*WHAT YOU ARE ASKED TO DO:*
Every line from the first one in the data below through the line holding "Bouquet of white" is to be written out exactly, with the pictures omitted.

*PROVIDED MATERIAL:*

-*-

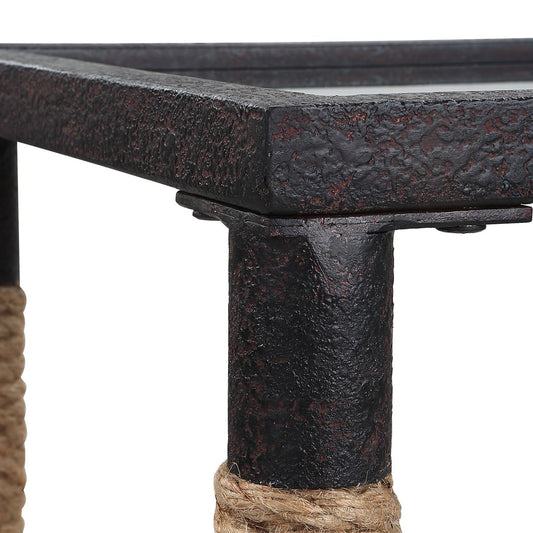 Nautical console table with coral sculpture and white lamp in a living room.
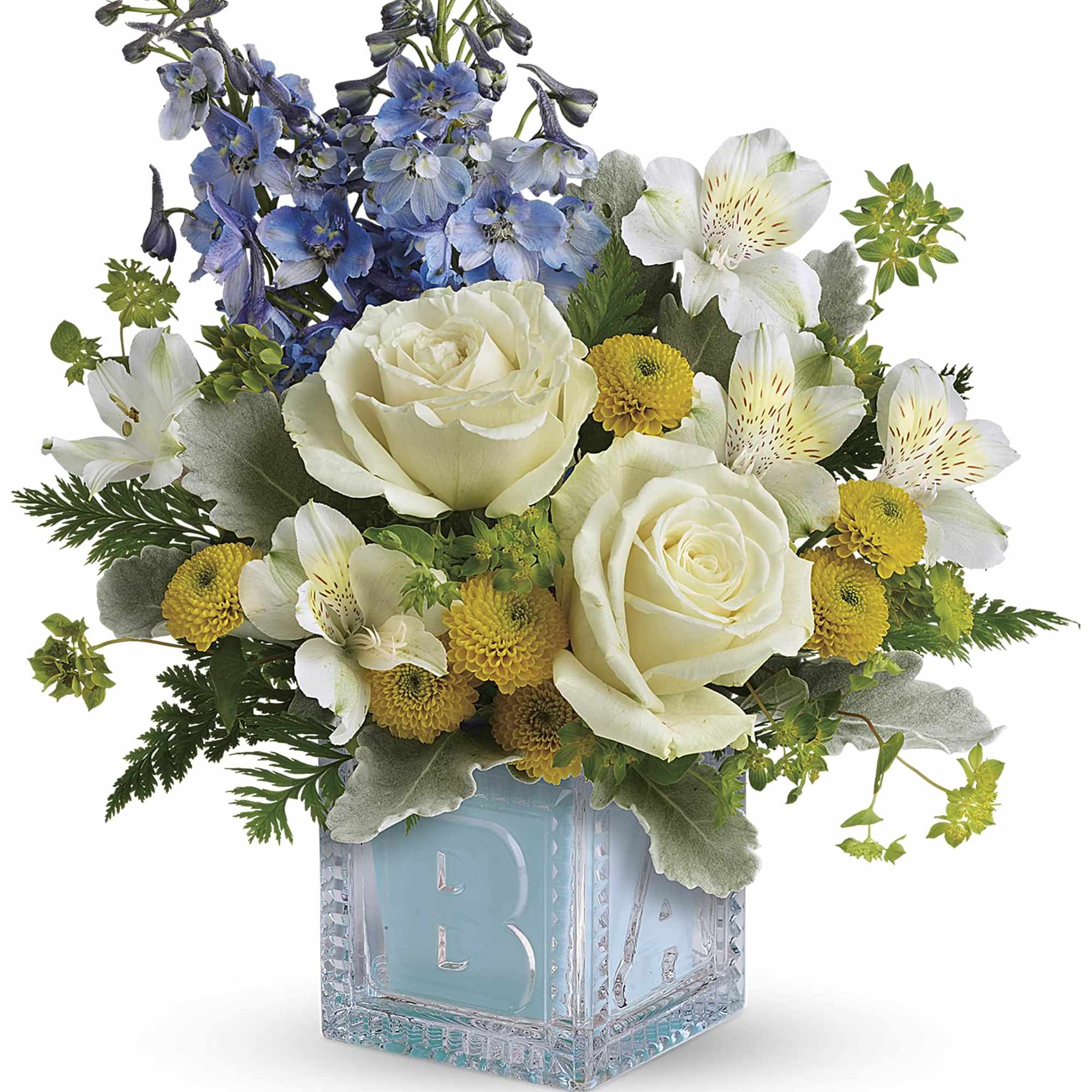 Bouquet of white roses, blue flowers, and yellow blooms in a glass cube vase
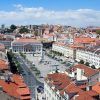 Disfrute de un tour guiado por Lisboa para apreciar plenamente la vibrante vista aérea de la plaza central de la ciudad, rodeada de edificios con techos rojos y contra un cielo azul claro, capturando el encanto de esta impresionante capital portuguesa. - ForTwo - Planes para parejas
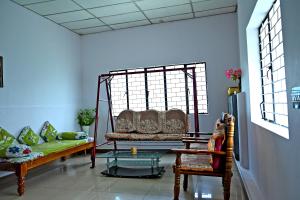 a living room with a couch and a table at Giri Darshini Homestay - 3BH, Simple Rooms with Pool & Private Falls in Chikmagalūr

-*-

*WRITTEN REPLY:*
 Nautical console table with coral sculpture and white lamp in a living room.
 Bouquet of white roses, blue flowers, and yellow blooms in a glass cube vase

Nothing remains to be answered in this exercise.